The precise mechanism by which ISG15, independent of UbE1L mediated conjugation, contributes to the control of viral infection is currently unclear. The most intriguing difference we have noted to date is the increased cytokine responses in the mice lacking ISG15 (). As noted above, while we cannot formally exclude the possibility of another E1 functioning in this system, it seems most likely that free, unconjugated ISG15 mediates the activity during CHIKV infection. Free ISG15 is found within the cell, but interestingly it may also be secreted by a still undefined mechanism 
. Previous work has shown that unanchored ISG15 can associate non-covalently with proteins (i.e. independent of conjugation). For example, the NS1 protein of influenza B virus can non-covalently bind ISG15, thereby inhibiting its interaction with UbE1L and blocking conjugation of target proteins 
. The over-expression of ISG15 has also been shown to disrupt Nedd4 ligase activity and inhibit Ebola virus VLP release 
. Recent research within the ubiquitin field has described a role for unanchored polyubiquitin chains, shown to regulate TRAF6 function, as well as promote RIG-I dimerization and signaling 
. It is therefore possible that intracellular, unanchored ISG15 interacts non-covalently with members of an innate immune signaling pathway to regulate cytokine and chemokine production or other host response pathways. Alternatively, released ISG15 could be contributing to the phenotype seen during CHIKV infection.

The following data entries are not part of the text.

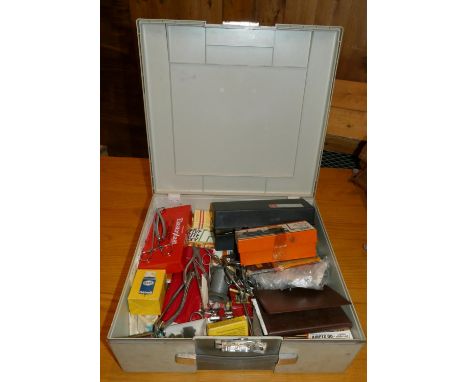 A quantity of model making accessories to include, tools, vice, paints, model plans, and a part built model of a boat includi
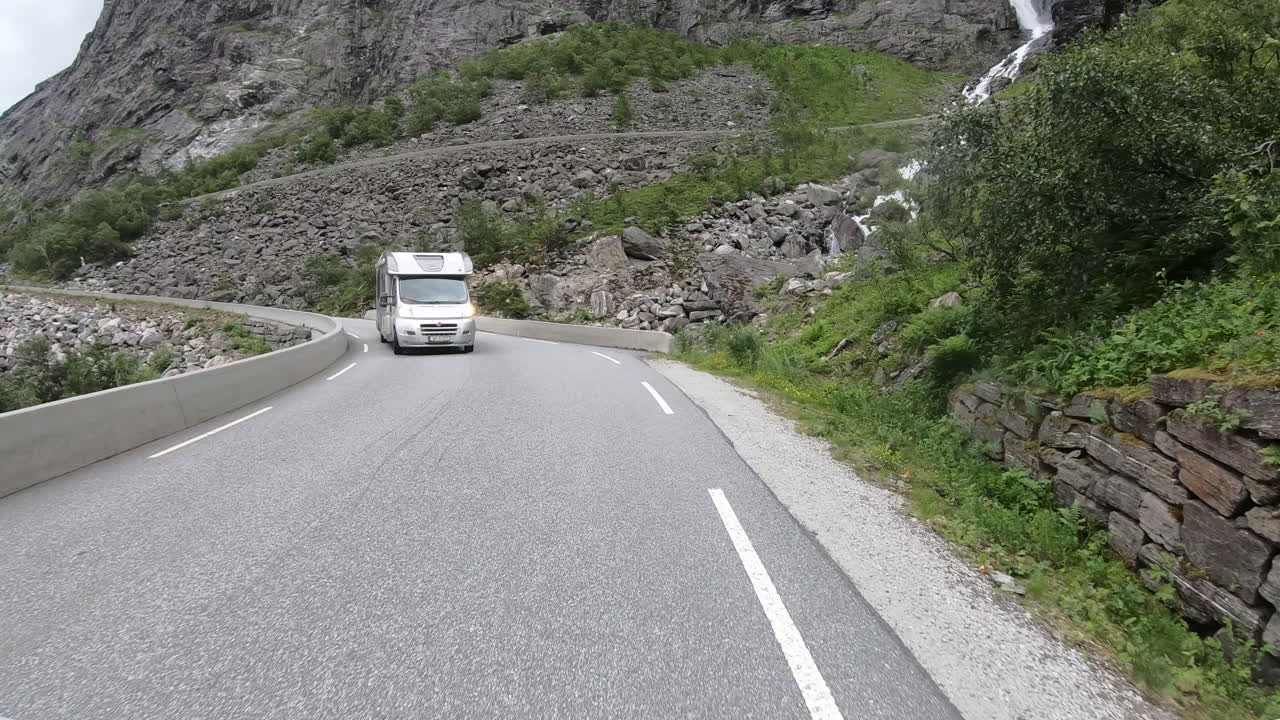 Vehicles Driving At Trollstigen Mountain Road Passing By Waterfalls In Rauma, Norway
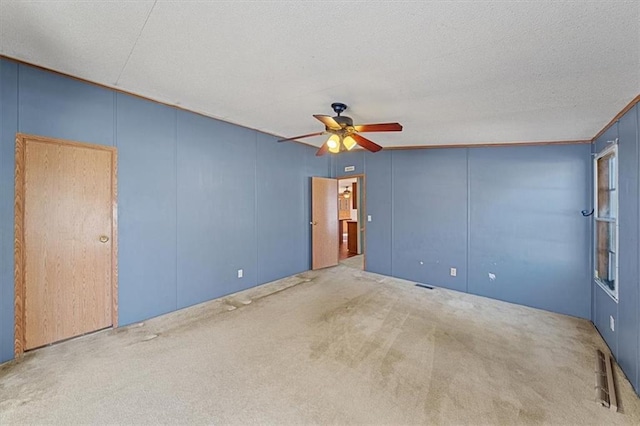 carpeted spare room with ceiling fan and a textured ceiling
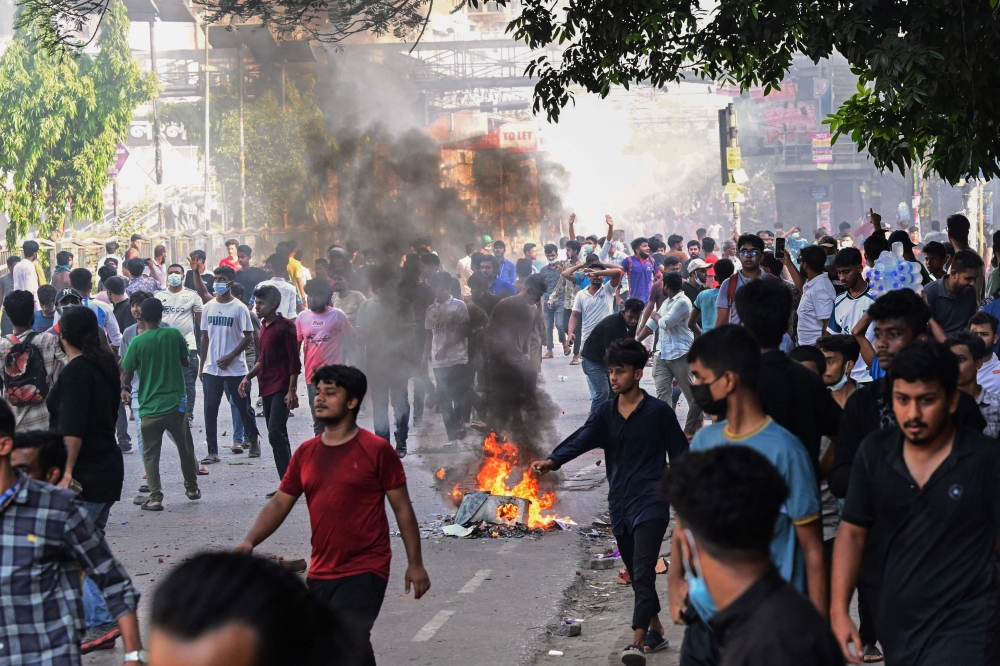Students take part in the ongoing anti-quota protest in Dhaka on July 18, 2024. (Photo by Munir UZ ZAMAN / AFP)
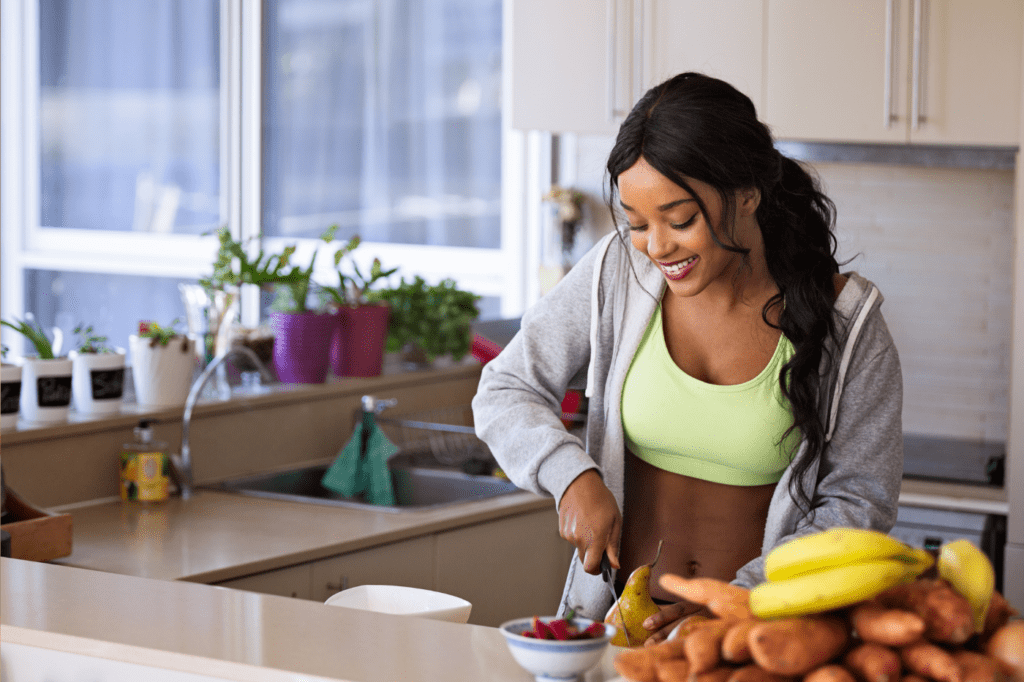 featured image in Why You Absolutely NEED A Morning Routine ASAP showing a fit woman making healthy food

Indeed, the 17 kDa form of ISG15 is released into the serum in both WT and UbE1L−/−
mice during CHIKV infection (). Released ISG15 has been reported to function as an immunomodulatory molecule, increasing NK cell proliferation and lytic activity, acting as a neutrophil chemoattractant, and upregulating E-cadherin expression on dendritic cells 
. Released ISG15 could function as in immunomodulatory cytokine by signaling through a receptor to regulate the cytokine response or through its ability to function as a chemoattractant. In order to characterize these effects in greater detail, a receptor for ISG15 must be identified. Future studies evaluating these possibilities will be required in order to further define the mechanism by which ISG15 is contributing to the host response to CHIKV.
In conclusion, we have demonstrated that neonates are capable of producing type I IFN in response to CHIKV, which serves to limit viral infection though remains insufficient to clear the virus. We have demonstrated a critical, age-dependant role for ISG15 during neonatal infection. We have also characterized the mechanism of ISG15 activity, revealing a novel mechanism for ISG15, independent of UbE1L mediated conjugation, and functioning as a putative immunomodulator of proinflammatory cytokines. The ability of pIC to protect neonatal mice against CHIKV infection suggests that manipulation of the IFN signaling pathway, and perhaps the induction of ISG15, may be an appropriate therapeutic target for combating CHIKV infection.